The current PostgreSQL buffer manager follows a 3-layer buffer design to manage the data pages as illustrated by this image below:
where it consists of
- Buffer Table (hash table)
- Buffer Descriptors (Array)
- Buffer Pool (Array)
2.1 Page Table
Buffer Table is used like a routing table between PostgreSQL Core and the buffer manager. It is managed using the existing hash table utilities and uses buffer_tag
to look up the page descriptor and buffer id. Buffer_tag is a structure that contains the table space, database, table name.
2.2 Buffer Descriptor
Buffer Descriptor is used to store the status of a buffer block and also the content lock. Refcount is a part of the buffer state, will be used to indicate the insert and delete operation. it will be increased by one when there is an insertion, and decreased by one when there is a deletion. The Vacuum process will reclaim this page once refcount reaches to 0.
2.3 Buffer Pool
Buffer Pool has a one to one relationship with buffer descriptor. it can be treated a simple pointer pointing to the beginning of the buffer pool, each buffer pool slot is defined as 8KB for now. This is the lowest layer in the buffer manager structure before a page is flushed to disk. The BM_DIRTY
status flag is used to indicate if a page in the buffer pool is to be flushed to disk
In addition to buffer pool, buffer manager also utilizes a ring buffer for reading and writing a huge table whose size exceeds 1/4 of the buffer pool size. Clock Sweep
algorithm is used to find a victim page in the ring buffer to eject and flush to disk so new page can enter, thus the name, ring buffer.

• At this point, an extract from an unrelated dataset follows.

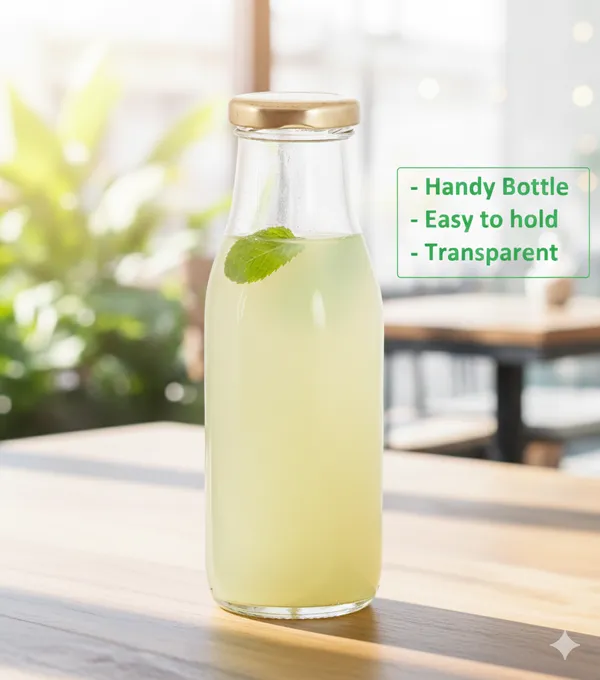 Set_Of_12_Glass_Water_Bottle_For_Milk_|Juice|_Shakes_With_Rust_Proof_Airtight_Gold_Metal_Cap_Reusable_&_Bpa_Free_|300_Ml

3. The In-Memory Only Buffer Manager
Having a general understanding of the existing buffer manager’s strucutre, we hypothesize that we could potentially improve its IO performance by eliminating the need to flush any buffer data to disk. This means that the in-memory only version of buffer manager itself is the storage media. For this reason, its strucutre can be simplified as:
where the buffer descriptor points to a dedicated memory storage that contains the actual page and tuple. This memory space can be allocated to a certain size at initlaization and there will not be a need to flush a page to disk. All data page and tuple will reside in this memory space. In the case where there is a huge reading and writing load, the ring buffer will not be allocated as the logic to find a victim page to evict and flush to disk will be removed since everything will reside in a dedicated memory space. For this reason, if the memory space is not sufficiently allocated, the user will get “no unpin buffer” is available, which basically means “your disk is full” and you need to do delete and vacuum.
Using this approach, when the server shuts down or restarts, the data in this memory space is of course lost. So, data persistence to disk would be a topic of interest next, but right now, we already see some useful business case with this in-memory based table where data processing speed is more important than data persistence
4. Initial Results
Using the same tuple structure and logic as the current heap plus the memory based buffer manager with 1GB of memory allocated, we observe some interesting increase in performance comparing to PostgreSQL with default settings. For 20 million row, we observe about 50% increase for insert, 70% increase for update, 60% increase for delete and 30% increase in vacuum. This result is not too bad considering we are still at the early stages and I am sure there are many other ways to make it even faster
5. Next Step
Having some solid results from the initial test, it would make sense for us to also be looking into having the index tuples as in-memory storage only. In addition, free space map and visibility map files that are stored in the PG cluster directory could potentially also be made as in-memory to possibly further increase the DML performance.